New South Wales (NSW) police recently amped up fines for breaching health restrictions, including $500 for not wearing a mask, $1,000 for breaching a public health order, and $5,000 for not providing details to a contact tracer, or following directions to self-isolate.
CIS commissioned YouGov to conduct the poll of 1,029 Australians between Aug. 2 to 5, producing the report, Attitudes to a Post-COVID Australia (pdf).
The survey found that 46 percent of Australians believed enforcement was too lax and not strong enough, with another 39 percent believing enforcement levels were adequate.
Police have actively encouraged Australians to contact Crime Stoppers with tip-offs on individuals breaching public health orders. In fact, following July protests against COVID lockdowns in Sydney, authorities received over 20,000 tip-offs.
“Politicians encouraging people to report their neighbours for breaching the public health orders is likely to have taken a significant toll on social cohesion,” co-author Simon Cowan said in a statement.

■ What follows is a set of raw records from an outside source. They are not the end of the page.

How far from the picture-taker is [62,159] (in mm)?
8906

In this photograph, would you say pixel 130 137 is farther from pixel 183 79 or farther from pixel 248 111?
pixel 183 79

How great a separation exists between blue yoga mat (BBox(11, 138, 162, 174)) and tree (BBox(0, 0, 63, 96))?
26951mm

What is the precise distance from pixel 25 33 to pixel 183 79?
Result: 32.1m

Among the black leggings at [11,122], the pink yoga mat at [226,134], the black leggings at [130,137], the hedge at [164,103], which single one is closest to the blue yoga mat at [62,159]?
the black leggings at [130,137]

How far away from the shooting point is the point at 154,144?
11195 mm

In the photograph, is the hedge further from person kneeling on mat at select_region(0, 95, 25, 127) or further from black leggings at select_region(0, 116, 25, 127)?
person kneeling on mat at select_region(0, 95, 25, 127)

“Australians may have this idealised view of ourselves as larrikins who don’t follow the rules, but in reality, we are a nation of tut-tutting ‘Karens,’” he added.
Australians were keen as well, to see an end to lockdowns, with 37 percent wanting restrictions to end as soon as possible, 34 percent wanted them to end when vaccination thresholds were met, and 10 percent believing every person should be vaccinated until restrictions were removed.
In late July, the National Cabinet—an intergovernmental body involving the prime minister and state and territory leaders—agreed on a four-stage vaccination roadmap to transition the country away from frequent lockdowns and health restrictions.
The country is currently working towards the 70 percent mark, with the Australian Prime Minister Scott Morrison pushing for vaccination rates to increase.
Once 70 percent of the population is vaccinated, the next phase of the roadmap is triggered, and will see stay-at-home orders and restrictions largely removed.
Upon reaching the 80 percent threshold, Australia will begin reopening international borders. Lockdowns will need to be “highly targeted” while vaccinated residents will be exempt from domestic restrictions.
“There is considerable support for so-called ‘vaccine passports,’ with 60 percent approving of their use by state governments to regulate entry to a state, and 55 percent agreeing that business should be allowed to demand them as a condition of entry or service,” co-author Robert Carling said in a statement.
Australians also displayed low support for a zero-COVID strategy (13 percent) and acknowledged that COVID-19 would never be permanently eradicated from the country (62 percent).
Currently, the Prime Minister Morrison has called for state and territory leaders—who currently have the power to impose lockdowns and health restrictions—to abide by the vaccination roadmap and to “break” the cycle of lockdowns.
However, West Australian Labor Premier Mark McGowan, stood by the state’s right to implement “highly-targeted” lockdowns and indicated his government would likely continue to pursue a zero-COVID strategy.
Further, Queensland Labor Premier Annastacia Palaszczuk called for renewed modelling before committing to opening borders, saying the previous research did not consider high case numbers and was premised “around 30 cases in the community.”
While on Monday, Australian Capital Territory (ACT) leader Andrew Barr said it was “not safe” to open the country even when vaccination rates reached 70 percent of the population.
Western Australia, Queensland, and the ACT have not had outbreaks of the same magnitude as NSW and Victoria.
The reluctance of the two-state premiers—McGowan and Palaszczuk—to follow through on the National Cabinet plan, compelled the Doherty Institute, a medical research body in Melbourne, to issue a statement last week saying that Australia would be safe to open up, even with hundreds of daily COVID infections.